> _Assignment_
Starting at the line that contains "Neubau, komplexe Gehäuse", transcribe each line exactly through the end of the data below, and skip any pictures.

> _Available data_
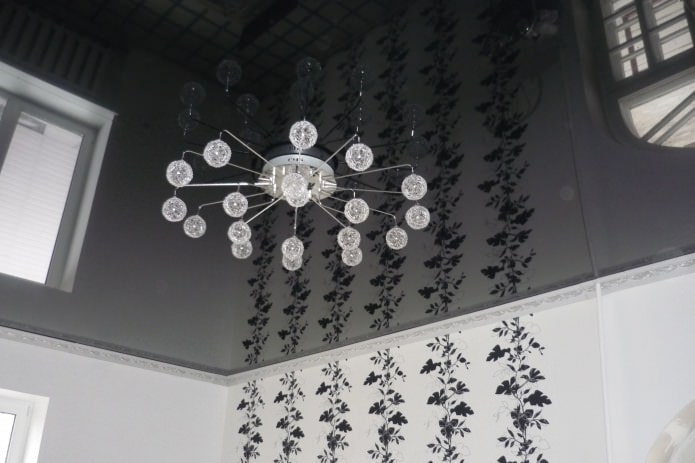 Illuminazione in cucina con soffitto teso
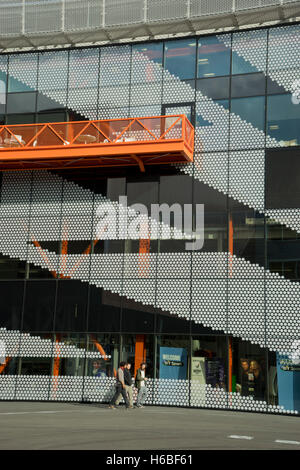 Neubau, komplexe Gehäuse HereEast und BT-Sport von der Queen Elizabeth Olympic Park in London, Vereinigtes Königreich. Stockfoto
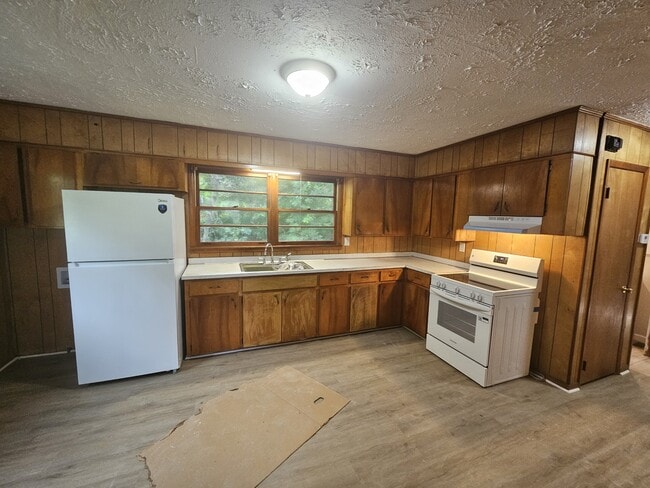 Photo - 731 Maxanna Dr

> _Exercise output_
 Neubau, komplexe Gehäuse HereEast und BT-Sport von der Queen Elizabeth Olympic Park in London, Vereinigtes Königreich. Stockfoto
 Photo - 731 Maxanna Dr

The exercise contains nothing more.